Just like the hiring process and if anyone knew how long it takes for them to call you back after you pass the written test?


----------



## dschambers3 (Mar 20, 2008)

I work in the Dallas transport part of AMR. I believe the steps are 1) Application 2) 100 question test similar to National but less tricky 3) Oral interview which for me was about character traits, but I have done one with them in Colorado Springs, where it was scenarios 4) Physical abilities test/ drug test 5) One week new employee class 6) EVOC 7)Ride out with FTO. It seems like alot but 1-3 were done in one day, then 4 in one day etc....  There is a person here that worked for AMR in LA County. I will ask him what it is like there.  GOOD LUCK!


----------



## Jon (Mar 20, 2008)

I merged the two threads, as the one thread answered my other question.

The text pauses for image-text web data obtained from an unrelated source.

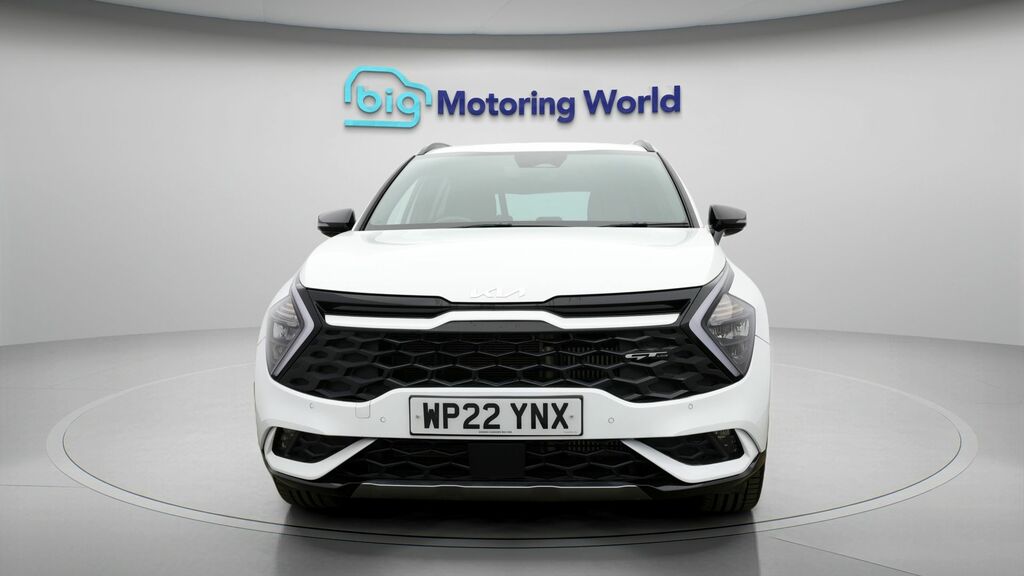 Kia Sportage Gt-line WP22YNX White #2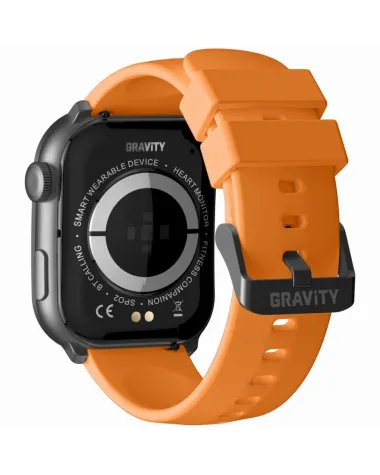 SMARTWATCH UNISEX GRAVITY GT28-2 - ROZMOWY BLUETOOTH, DODATKOWY PASEK (sg037b) SMARTWATCH UNISEX GRAVITY GT28-2 - ROZMOWY BLUETOOTH, DODATKOWY PASEK (sg037b)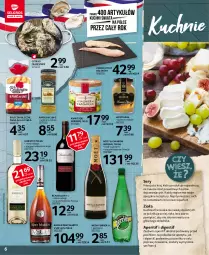 Gazetka promocyjna Selgros - Katalog Kuchnie Świata - Gazetka - ważna od 04.08 do 04.08.2021 - strona 6 - produkty: Ser, Mus, Gin, Brie, Ostrygi, Kuchnia, Bułeczki, Camembert, Bułeczki mleczne, Roquefort, Woda, Mięta, Musztarda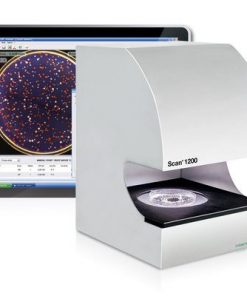 437 000 Scan® 1200 Automatic color colony counter 220V - 50 / 60 Hz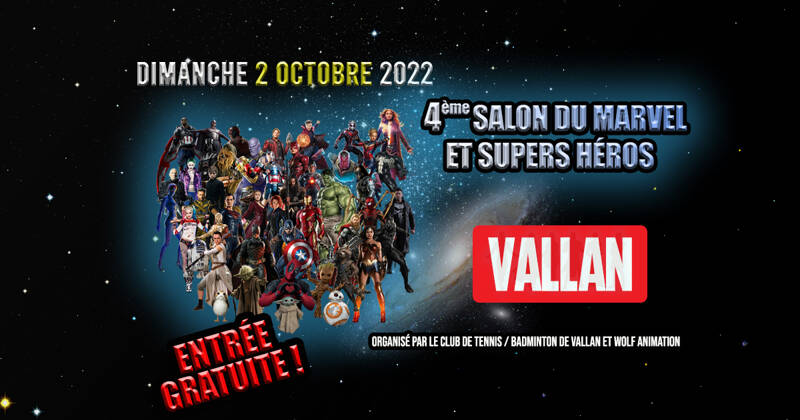 4ème Salon du Marvel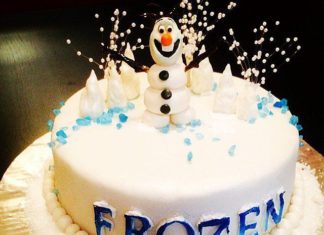 Birthday Party Inspiration : A Smilely Olaf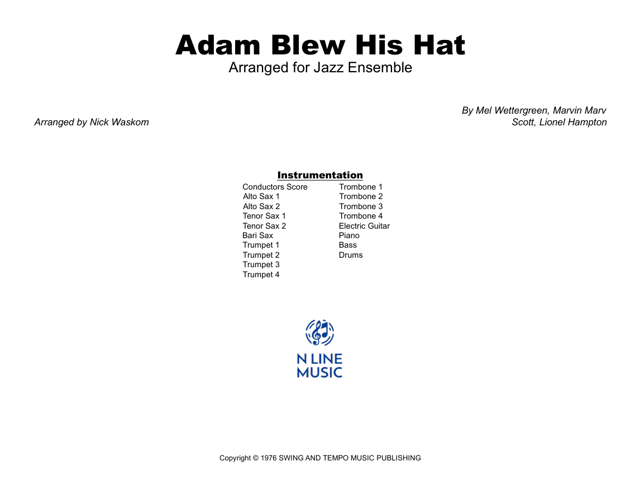 Adam Blew His Hat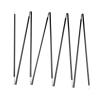 BRILLIANCE4U Pre-Assembled Aluminum Tent Pole 12ft 1.4in 8.5mm, 7001 T6 Tent Rod, Outer Dia. 0.33" 1 Pole Pack view 1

I'm on the opposite coast, and the local AMR operation doesn't run 911...so it is like any other transport company... put in an app, interview, then start working... and this can often be done in a few days.


----------



## ffemt8978 (Mar 20, 2008)

Jon said:


> I merged the two threads, as the one thread answered my other question.
> 
> I'm on the opposite coast, and the local AMR operation doesn't run 911...so it is like any other transport company... put in an app, interview, then start working... and this can often be done in a few days.



And I guy I work with filled out his application and finally got called for an interview...one year to the day after he filled out his app.


----------



## Pittsburgh Proud (Mar 20, 2008)

Jon said:


> I merged the two threads, as the one thread answered my other question.
> 
> I'm on the opposite coast, and the local AMR operation doesn't run 911...so it is like any other transport company... put in an app, interview, then start working... and this can often be done in a few days.



Pretty sure that's what they do here in Pittsburgh also. No big tests or anything like that, so far they are mainly transports. So far that is...


----------



## TraumaJunkie (Mar 21, 2008)

Ever watch Star Wars?? The recruitment for the AMR dark side is the same. LOL


----------



## KEVD18 (Mar 21, 2008)

i think the general consensus is that it varies from division to division. your best bet is to call hr at the division you applied to and ask. that way, you get the most accurate answer.


----------



## KEVD18 (Mar 21, 2008)

now that i think about it, if everybody gives a different answer, is that really a consensus?


----------



## EMTgurl911 (Mar 23, 2008)

*Does anybody know anything about AMR?*

And what they do pertaining how long they would call you back after you pass there written test in order to get a interview and if you took the test, how much did you miss?  I just wanted a little insight, if anybody could be helpful Thanks...Oh by the way Happy Easter!


----------



## KEVD18 (Mar 23, 2008)

worst job i ever had, hands down.

i dont remember the times inbetween the recruiting steps. it was a few years back.

just noticed your on the opposite coast. maybe its a totally diff company out there. i hope so for your sake....


----------